For previous years' financial and quality performance results, please visit data.cms.gov.

* For Diabetes: Hemoglobin A1c (HbA1c) Poor Control (>9%) [Quality ID #001], Hospital-Wide, 30-Day, All-Cause Unplanned Readmission (HWR) Rate for MIPS Eligible Clinician Groups [Measure #479], and Clinician and Clinician Group Risk-standardized Hospital Admission Rates for Patients with Multiple Chronic Conditions (MCC) [Measure #484], a lower performance rate indicates better measure performance.

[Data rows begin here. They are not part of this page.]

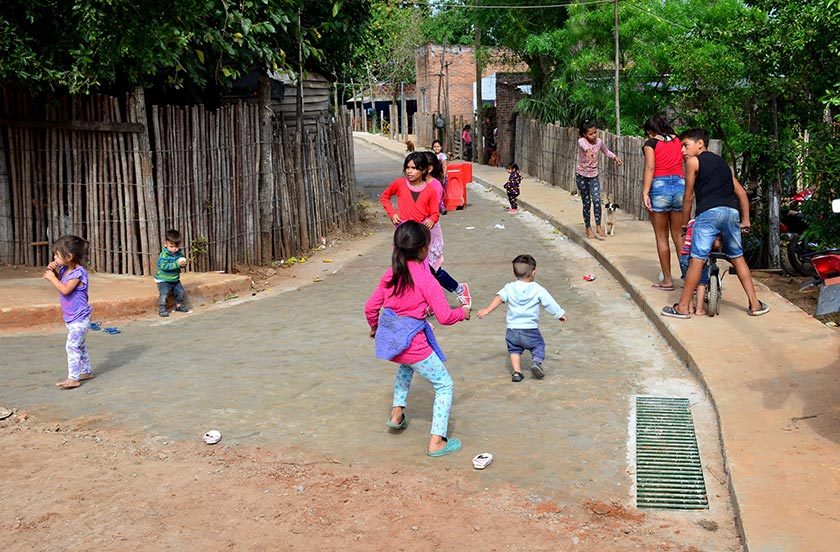 Construyen pavimento en los barrios del ProMeBa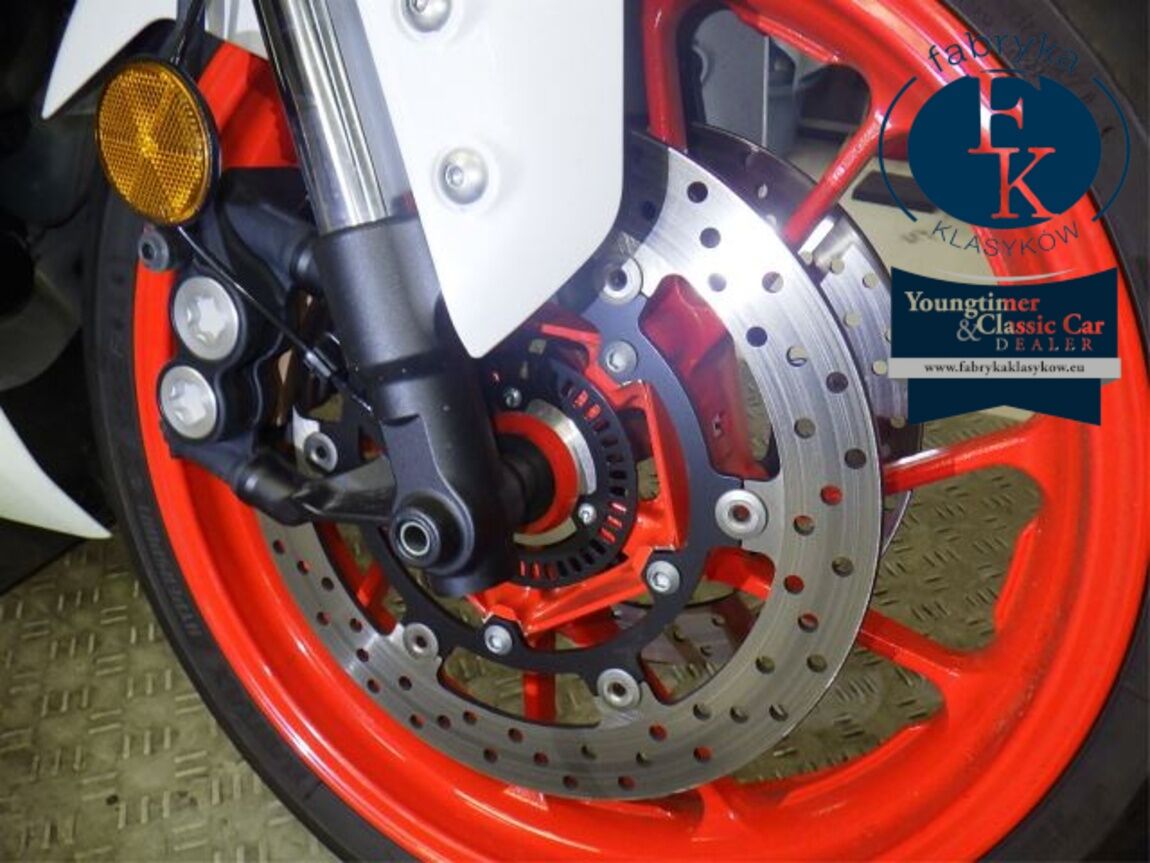 YAMAHA YZF-R7-2 2024 - zdjęcie 24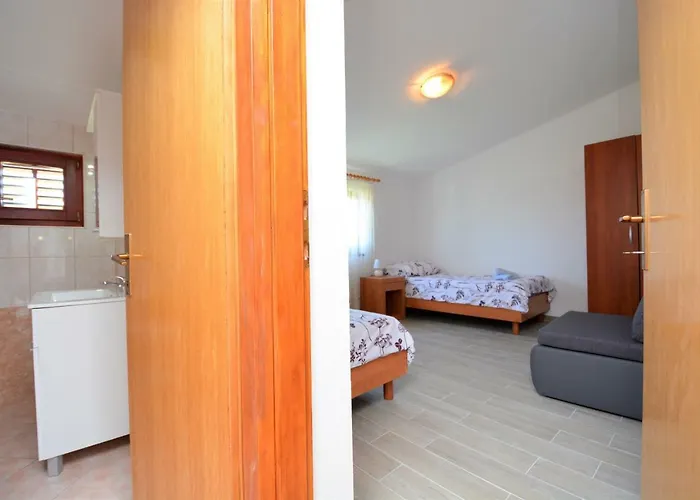 Croliday Nin Ivica Апартаменты *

* For Clinician and Clinician Risk-standardized Hospital Admission Rates for Patients with Multiple Chronic Conditions (MCC) [Measure #484], patients are excluded if they were attributed to Qualifying Alternative Payment Model (APM) Participants (QPs). Most Providers participating in Track E and ENHANCED Track ACOs are QPs, and so performance rates for Track E and ENHANCED track ACOs may not be representative of the care provided by these ACO’s providers overall. Additionally, many of these ACOs do not have a performance rate calculated

Medicare shared savings program waiver disclosures (arrangements for which waiver protection is sought)

This ACO has an agreement with each of its ACO Participants to participate in the Medicare Shared Savings Program.

The ACO has arranged for the regional Health Information Exchange, MyHealth Access Network to create and support the use of a Secure Direct Messaging account and Provider Portal for those ACO Participants, ACO Affiliates, and other providers that did not have access to a Secure Direct Messaging account and Provider Portal for the purpose of communicating Transition of Care and other health related documents and data with the provider during the course of patient care. The provision regarding the support of the Secure Direct Messaging and Provider Portal related services qualify under the pre-participation or participation waivers issued by the Centers for Medicare and Medicaid Services and the Office of the Inspector General, Department of Health and Human Services, Sec. 76 Fed. Reg. p.67992 Nov. 2, 2011 and Sec. 80 Fed. Reg. p. 66727 Oct. 29, 2015. This began June 12, 2015.

A demonstration project has been established by an ACO Participant, St. John Medical Center, which has arranged for transportation assistance of certain patients to be provided by Morton Comprehensive Health Center (a federally qualified health center) as an independent contractor. Such services are approved on a case-by-case basis to established patients of St. John Medical Center who are among underserved populations. These transportation services qualify under the pre-participation or participation or patient incentive waivers issued by the Centers for Medicare and Medicaid Services and the Office of the Inspector General, Department of Health and Human Services, Sec. 76 Fed. Reg. p.67992 and 68001 Nov. 2, 2011 and Sec. 80 Fed. Reg. p. 66727 Oct. 29, 2015. This began September 12, 2014.